The book starts with a mildly interesting premise, but then doesn’t really live up to that potential. One of the metrics I’ve started using (although it’s not definitive, and doesn’t need to be the only way to think about a book) is ‘how did the characters change? What decisions did they make?’. In relation to that, The Light Between Oceans felt underwhelming. There are two or three major decision points, but they don’t feel fleshed out; as a reader I felt as though I was external to the action, just seeing it happen randomly without quite fully understanding why it had happened, or how a character had reached a particular decision.

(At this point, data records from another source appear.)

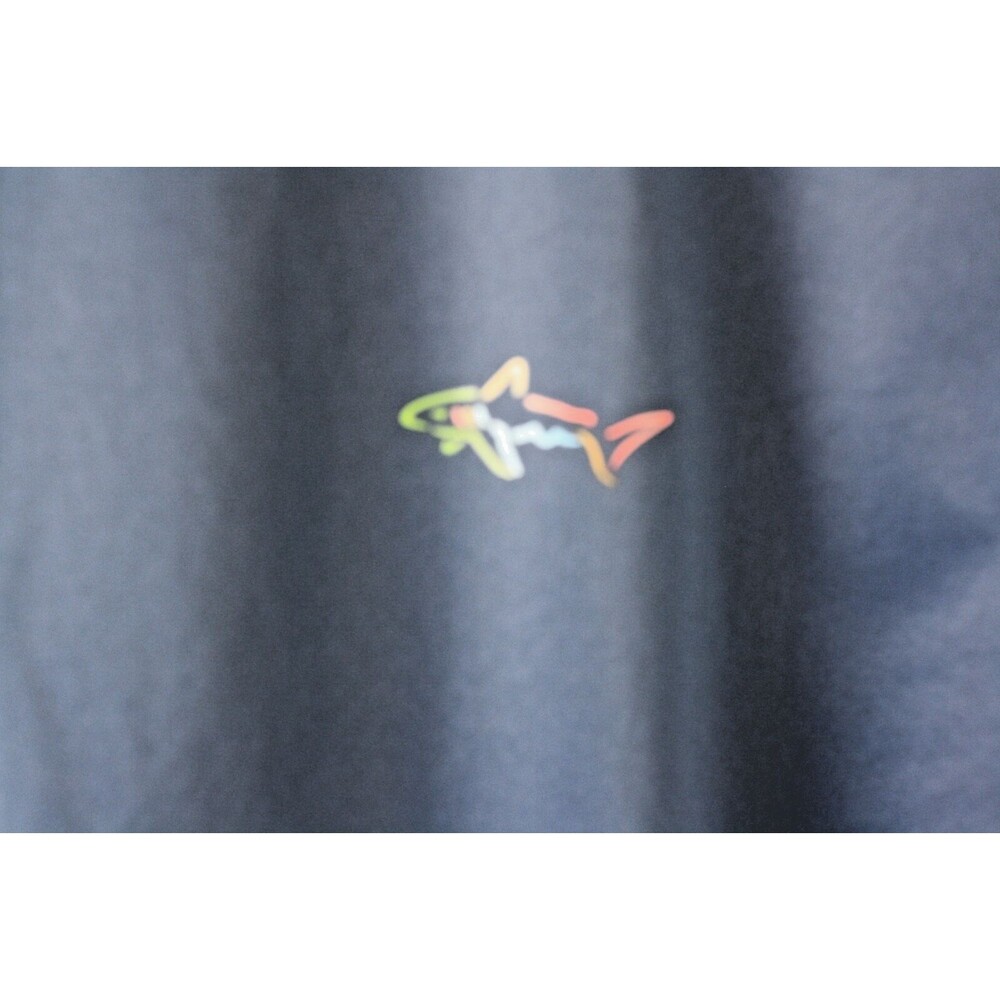 GREG NORMAN Windbreaker Mens Size M Blue Golf Pullover V-Neck Long Sleeve - Picture 4 of 7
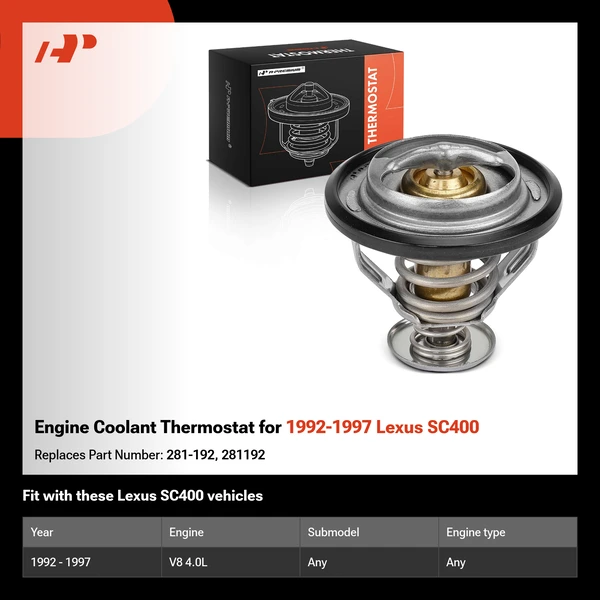 Engine Coolant Thermostat for 1992-1997 Lexus SC400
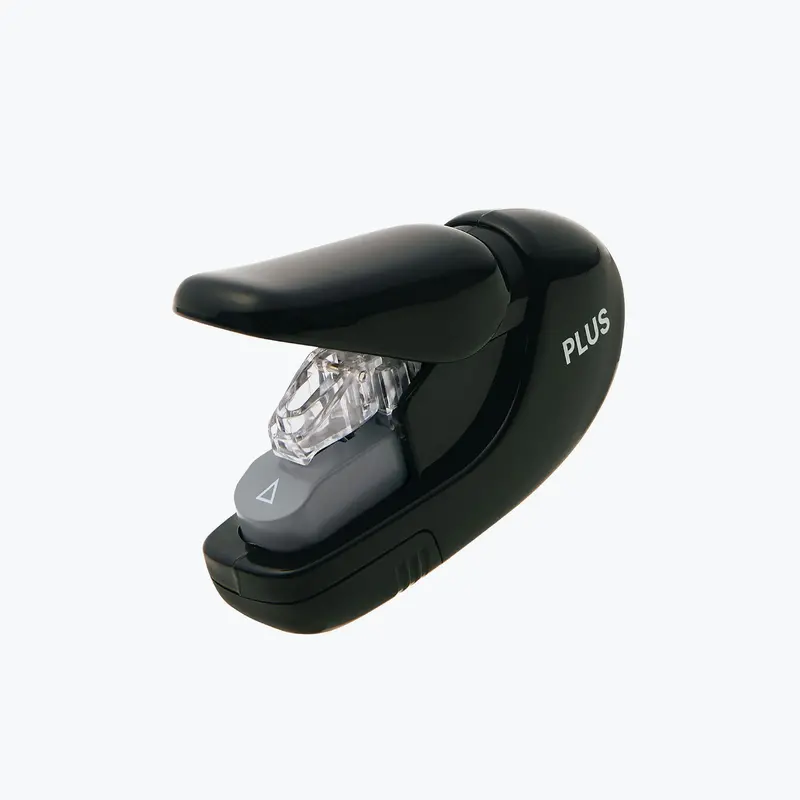 Plus - Stapler - Staple-Free Stapler - Black 1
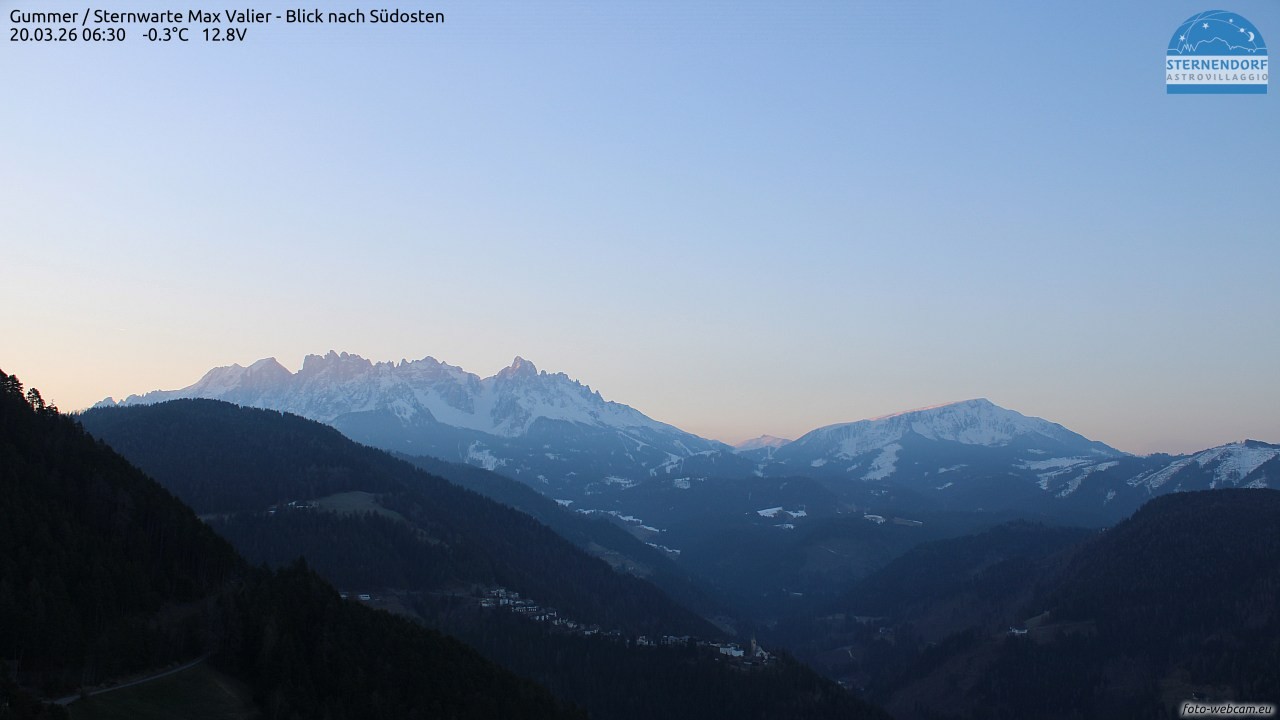 Archiv Foto Webcam Gummer - Sternwarte Max Valier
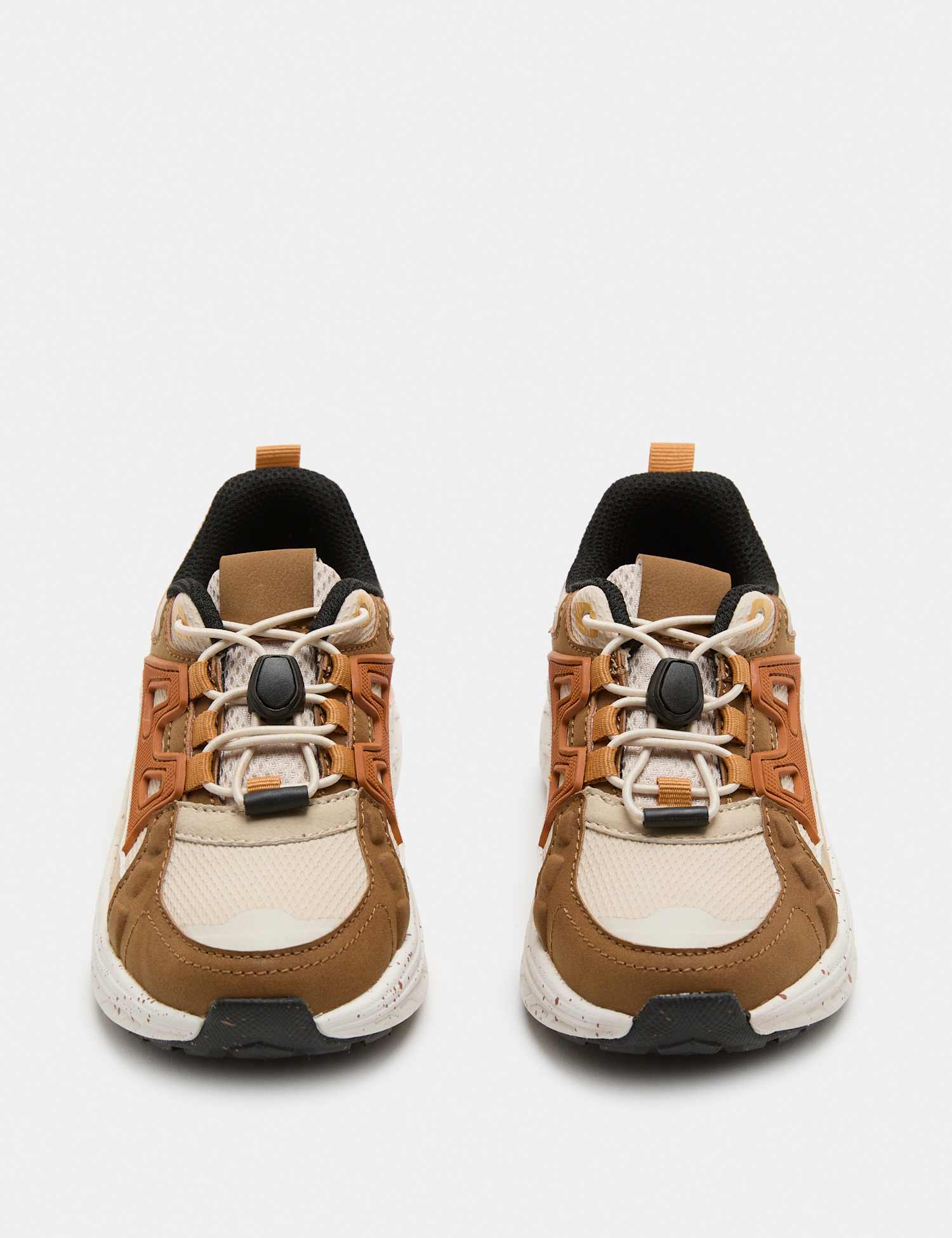 M&S Kids' Freshfeet� Toggle Trainers (4 Small - 2 Large) Cream Mix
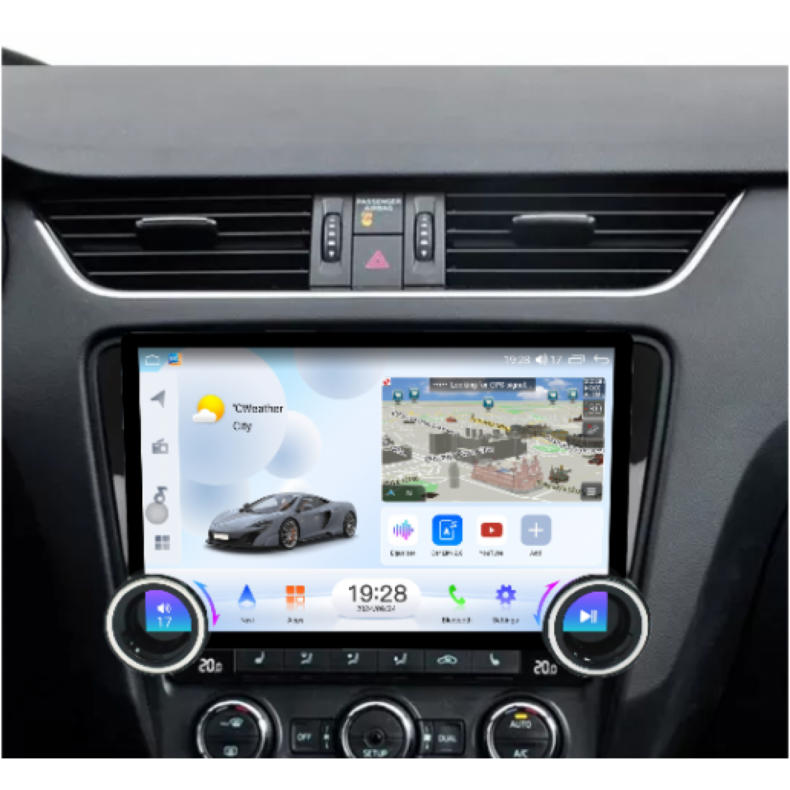 Мултимедия за Skoda Rapid Seat Toledo (2013–2017) 11.5″ - Черен мат - Image 2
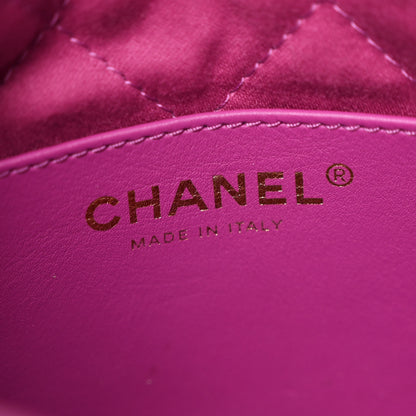 Chanel Shiny Calfskin Quilted Mini Chanel 22 Purple 6 of 11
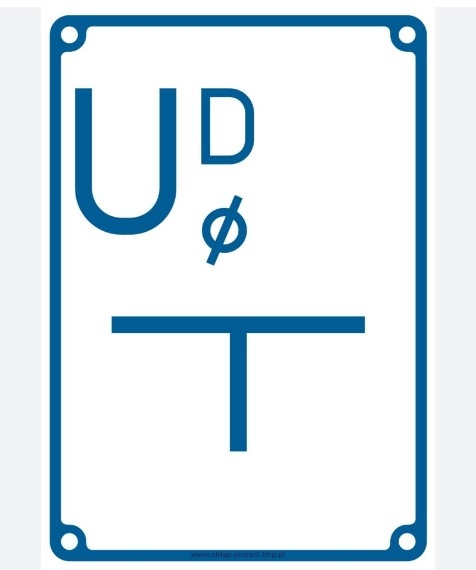 Tablica orientacyjna przyłączenia uziomu JB006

Which is fine, except that most of the book is about emotions, feelings and decisions, but in a kind of vague way. You can see the book trailer here, and I feel like it perfectly reflects the intense, dramatic, feel-y feel of the book. If the tag-line ‘They followed their hearts, and broke the rules. What happened next, will break yours’ is something that grabs you, this may be the book for you. Otherwise, it may not live up to its potential.
The story follows a couple living on a light-house. There is a child involved, and a tragic loss occurs for various characters. Which is all fine, and interesting, and a very important premise that’s full of potential. It’s just that I felt as though by the end, I didn’t really understand how the characters had changed; they’d just been very emotional, and significant, and had their emotions reflected in the natural surroundings they moved through.
I did find it moving at times, but I felt as though I resented the author at the same time. As though the emotion they’d wrung out of the situation was because of the story they’d chosen, rather than their ability to work with it. In the same way that someone holding up a picture of a crying child can make you feel bad, even though they haven’t really connected with you emotionally.
Might be worth if it there’s nothing else in the holiday home on a long weekend.